Provided material
Content starts

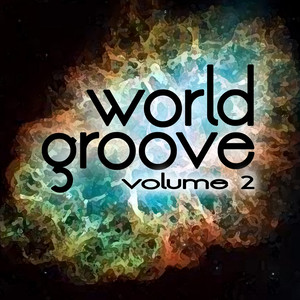 World Groove, Vol. 2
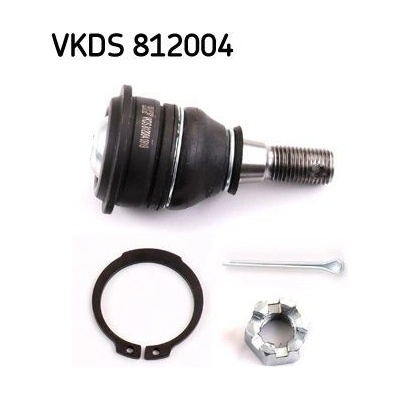 Podpora-/ Kloub SKF VKDS 812004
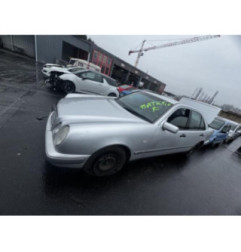 Demarreur MERCEDES CLASSE E 210 Photo n°7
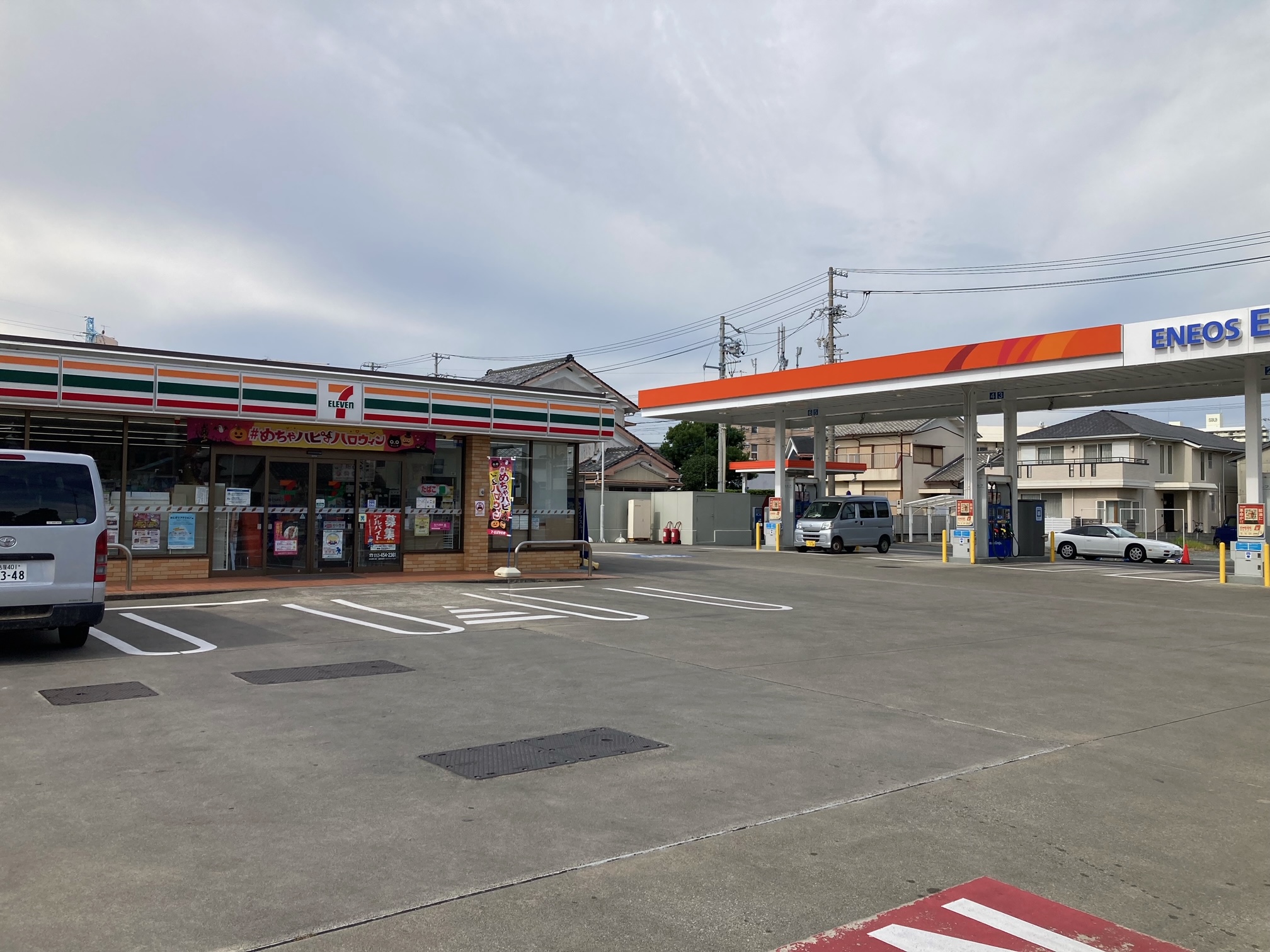 寺島町1-12貸家 周辺画像6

Content ends

Your task
Every word of the data should be reproduced exactly; please omit any pictures.

Your response
 World Groove, Vol. 2
 Podpora-/ Kloub SKF VKDS 812004
 Demarreur MERCEDES CLASSE E 210 Photo n°7
 寺島町1-12貸家 周辺画像6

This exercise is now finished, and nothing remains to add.